WHAT IS REQUIRED: Within the listing below, how many lines hold "imágenes"? Reply with that number and no other text.

+-------+

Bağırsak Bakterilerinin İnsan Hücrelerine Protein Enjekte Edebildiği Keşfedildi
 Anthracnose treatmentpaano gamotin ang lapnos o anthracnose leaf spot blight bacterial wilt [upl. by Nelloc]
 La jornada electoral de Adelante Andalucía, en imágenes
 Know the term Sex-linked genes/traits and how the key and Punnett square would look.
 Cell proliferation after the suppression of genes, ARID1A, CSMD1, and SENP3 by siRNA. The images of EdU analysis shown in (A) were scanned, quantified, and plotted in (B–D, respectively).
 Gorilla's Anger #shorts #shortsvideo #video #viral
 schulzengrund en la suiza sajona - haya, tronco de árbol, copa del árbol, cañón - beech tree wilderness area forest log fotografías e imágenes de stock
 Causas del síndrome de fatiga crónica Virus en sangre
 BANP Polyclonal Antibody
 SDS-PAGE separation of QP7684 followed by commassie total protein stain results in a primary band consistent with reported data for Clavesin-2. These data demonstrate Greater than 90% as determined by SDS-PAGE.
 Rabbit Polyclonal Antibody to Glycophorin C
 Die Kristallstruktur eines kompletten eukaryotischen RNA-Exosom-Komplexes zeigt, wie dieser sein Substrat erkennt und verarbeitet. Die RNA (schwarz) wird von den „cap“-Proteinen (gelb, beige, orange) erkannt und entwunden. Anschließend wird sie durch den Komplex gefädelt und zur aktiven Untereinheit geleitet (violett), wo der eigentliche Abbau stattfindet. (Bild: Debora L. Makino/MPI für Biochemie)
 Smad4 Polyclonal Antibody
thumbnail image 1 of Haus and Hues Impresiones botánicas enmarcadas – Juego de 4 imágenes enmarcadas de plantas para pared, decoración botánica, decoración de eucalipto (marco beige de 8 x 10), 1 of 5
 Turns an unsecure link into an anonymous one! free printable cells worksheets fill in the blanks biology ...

+-------+

YOUR SOLUTION: 3